-- The data follows --

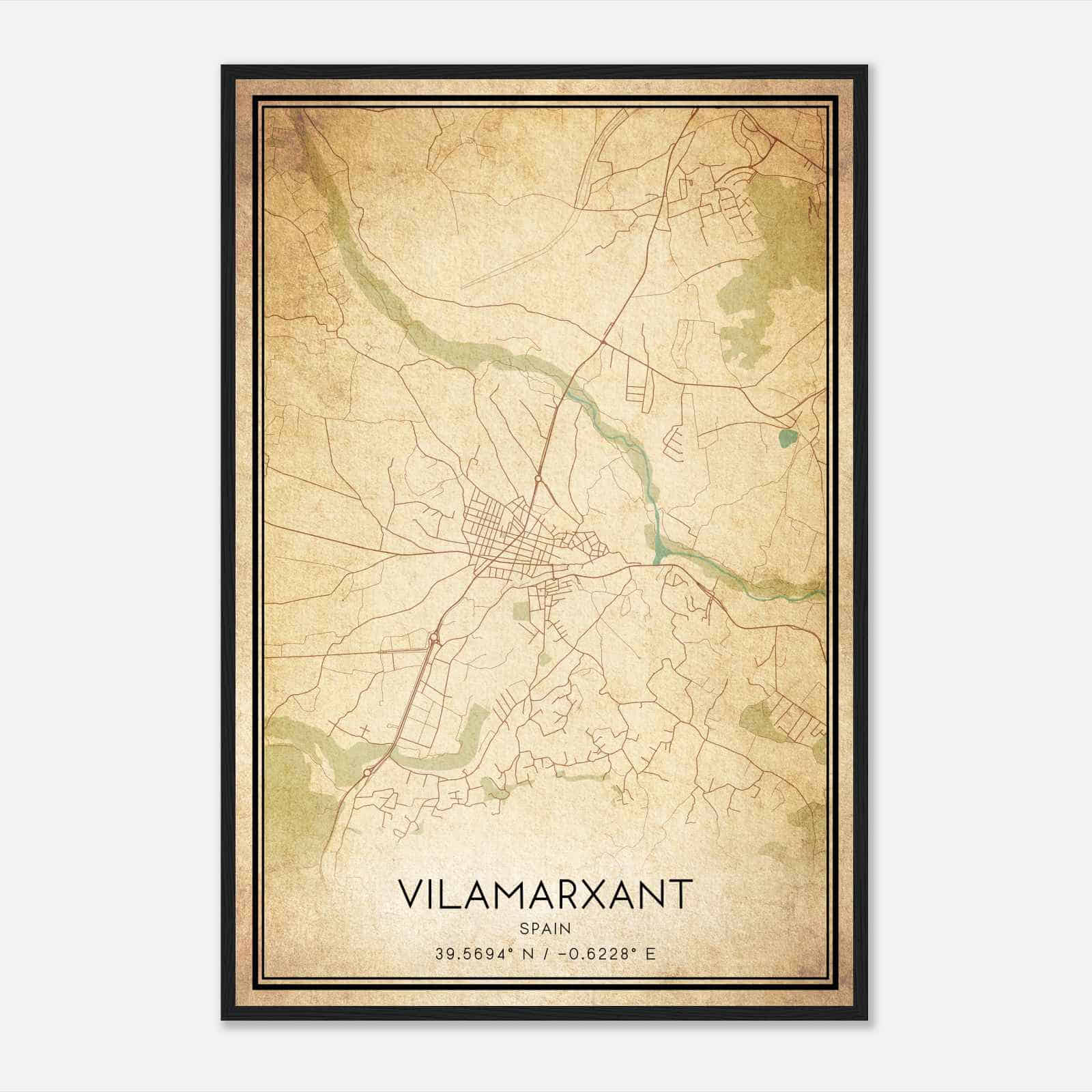 Vintage Villamarchante Spain Map Poster, Villamarchante City Road Wall Art Print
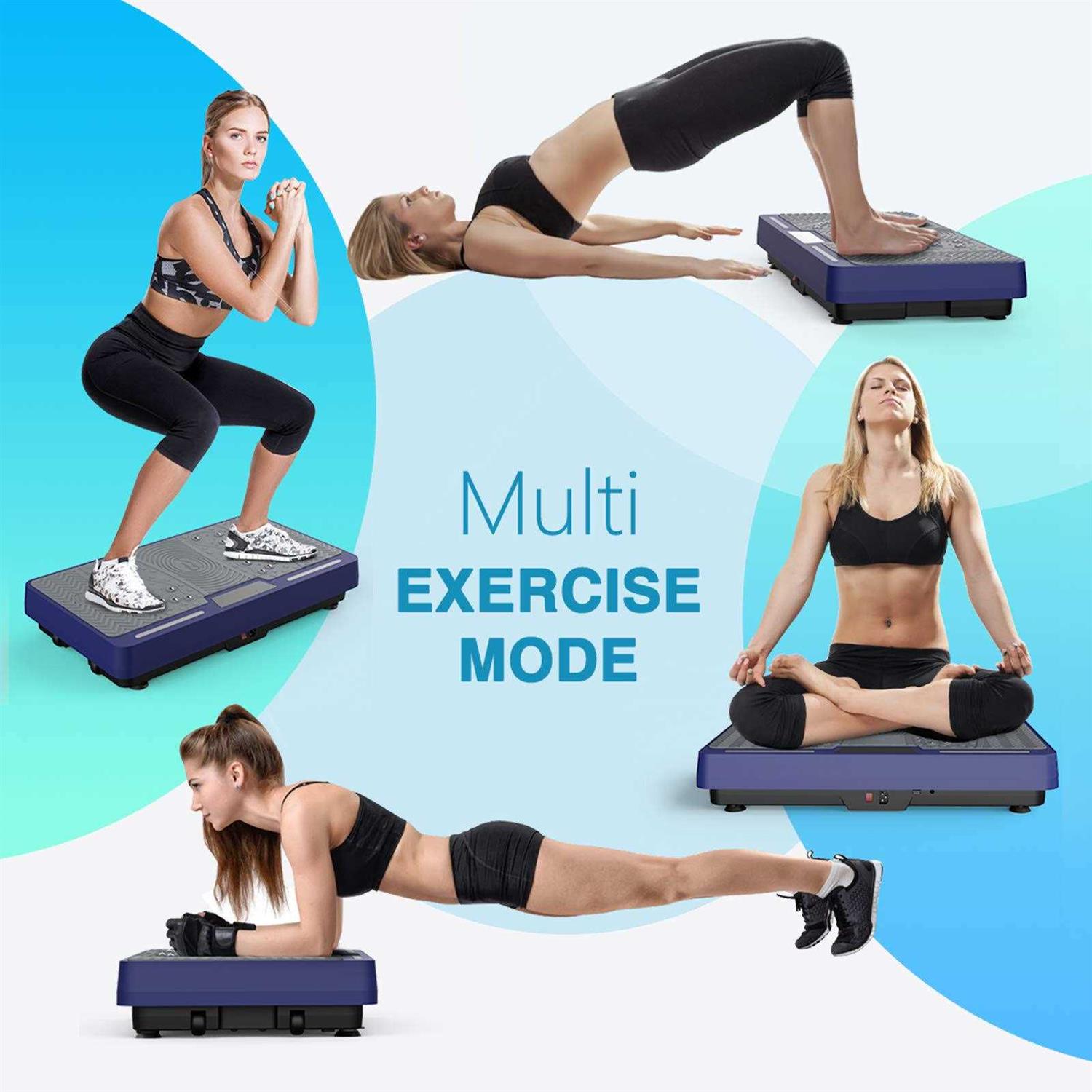Natini Vibration Plate Exercise Machine Whole Body Workout Vibration Platform with Loop Bands LED Light Speaker for Home Fitness - Image 5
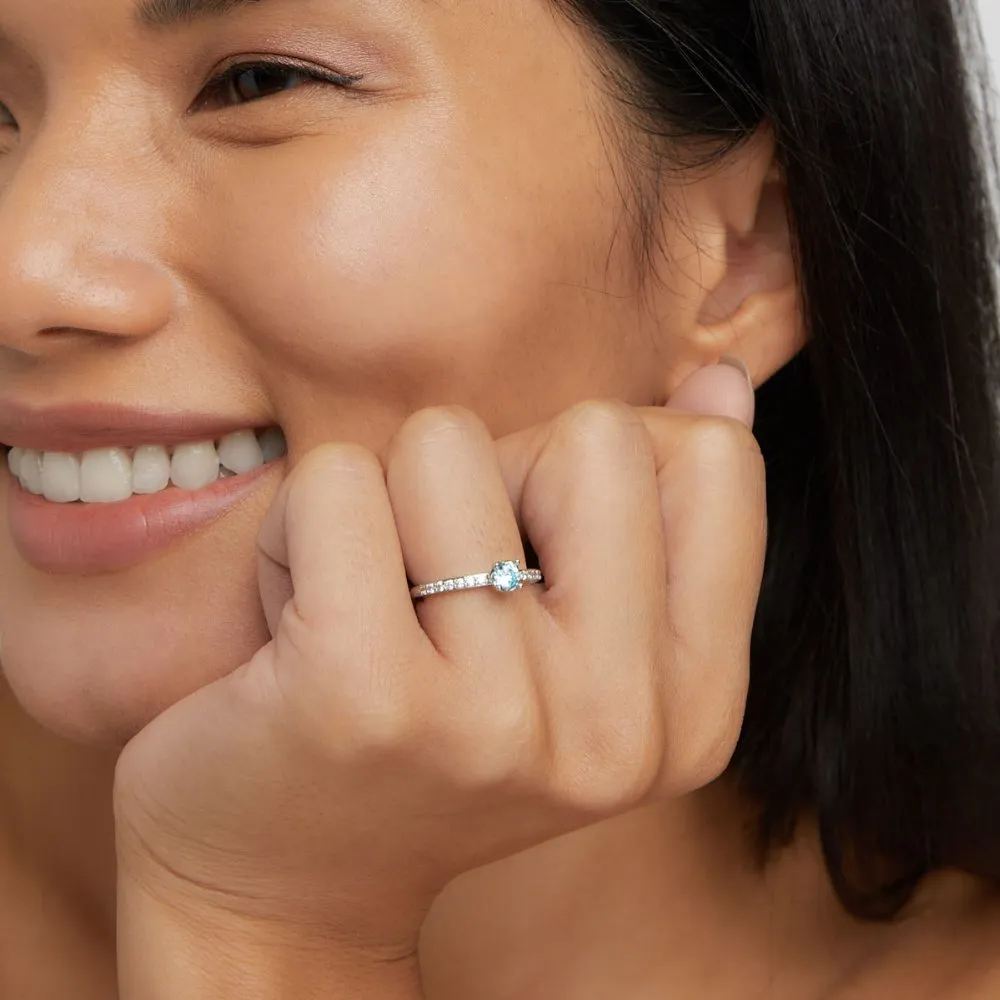 Ocean Aquamarine Silver Ring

-- The data concluded --

◆ Problem requirements
A word-for-word copy of the listing is needed, with no pictures in it.

◆ Solution below
 Vintage Villamarchante Spain Map Poster, Villamarchante City Road Wall Art Print
Natini Vibration Plate Exercise Machine Whole Body Workout Vibration Platform with Loop Bands LED Light Speaker for Home Fitness - Image 5
 Ocean Aquamarine Silver Ring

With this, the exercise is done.